Asperger's Syndrome: A Special Report (Part One of Two)
![]() | ![]() |
![]() |
---|
“Let’s not use the word ‘cure’ if you don’t mind… When you talk about cure you imply that we’re broken. I don’t feel broken.” So says Liane Holliday Willey, a woman who not so long ago would have been described as a “victim” of Asperger’s Syndrome. It’s been more than 60 years since the Austrian doctor Hans Asperger identified the condition that bears his name, but it has only been in the past decade or so that we have begun to understand its broader implications. Asperger’s Syndrome may be a part of the autistic spectrum, but that doesn’t necessarily mean that an “Aspie” can’t function in the world.
In this, the first in a two-part special report on Asperger’s Syndrome, we hear from Dr. Simon Baron-Cohen, a researcher at Cambridge University, on recent advances in recognizing the condition. We meet Dr. Michael Fitzgerald of Trinity College, Dublin, Ireland, a child psychiatrist who’s made quite a stir diagnosing Asperger’s Syndrome among the dead. Then, in a panel discussion, three adults – Liane Holliday Willey, Stephen Shore, and Michael John Carley – talk about growing up as loners with Asperger’s. Now they celebrate their membership in the community of “Aspies.” Finally, in a commentary, Dr.

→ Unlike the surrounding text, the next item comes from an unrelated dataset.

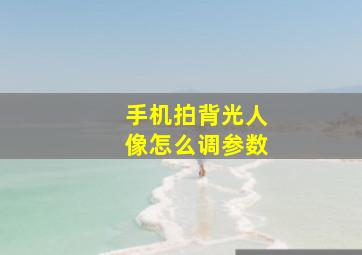 手机拍背光人像怎么调参数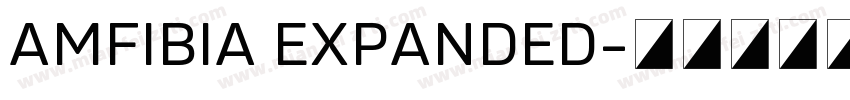 AMFIBIA EXPANDED字体转换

Arthur Caplan, head of the Center for Bioethics at the University of Pennsylvania, asks, “If you could go back in time and stop the birth of the world’s most famous nerd, would you have done so?”
I'm an Aspie. I've been an Aspie for 47 years. I didn't know it until eleven months ago.
I've been certain all my life that there was something different, and 99% certain that somehow, there was some secret method of communication that everyone else casually used without even thinking about it, but to which I was completely blind - almost as though everyone in the world was secretly telepathic, except me. It was only last year, at the age of 46, that I was formally diagnosed and learned that I was right - there really IS a whole layer of communication that almost everyone else uses instinctively, but which I'm barely even aware of.
Being an Aspie is different, yes. That doesn't mean it's necessarily bad, true. But it doesn't mean it's all good either. Yes, there are people out there who say that Asperger's is wonderful, a gift that they wouldn't trade away. There's a word for that: "Denial."
It has good *aspects*, certainly. My memory for things like numbers can be astoundingly good. In the testing that finally exposed my Aspergers syndrome, I achieved the highest cognitive scores my specialist had ever seen in thirty years of neuropsychological testing. Like many Aspies, I can hyperfocus on a problem for days, even weeks, until I solve it, and sometimes I can solve complex problems with leaps of deduction I can't even figure out a way to explain to anyone else, because I can't find a way to break it down into chunks small enough for them to follow.
But at the same time, every conversation is a struggle for me. Technical conversation isn't as bad, because I can focus on the technical aspect, but social conversation verges on terrifying. I get tense and anxious, my heart races, it's a constant struggle to know when is the "right time" to say something. It's difficult enough that a lot of time, after a few abortive attempts, I'll just listen without trying to add anything, or give up, wander off and go find something else to do. I can only take it for just so long anyway, before I need to go away and find a quiet spot to decompress. And that's casual social conversation with nothing on the line. If there's an added factor, perhaps I'm attracted to someone and trying to figure out whether it's mutual, it's even worse. I spent most of my life alone, and most of the rest in bad relationships that I didn't know were bad, because I was oblivious to the signs, never knew when someone was flirting with me, didn't start to learn myself how to flirt back until I was nearly 30, never had any good relationships to measure the bad ones against, never had any baseline to know what was good and what was bad.
Aspies face other problems, too. Neurotypicals get mad at us because we never understand when we're expected to tell the "little white lies". Those awkward moments when someone asks a loaded question expecting a particular answer, and you're in deep trouble if you answer honestly, are like land mines to many Aspies, because it doesn't occur to us to answer any way *but* completely honestly. Why would anyone ask a question except to get the correct answer? Asking a question in order to be told what you want to hear, true or not, just doesn't make sense.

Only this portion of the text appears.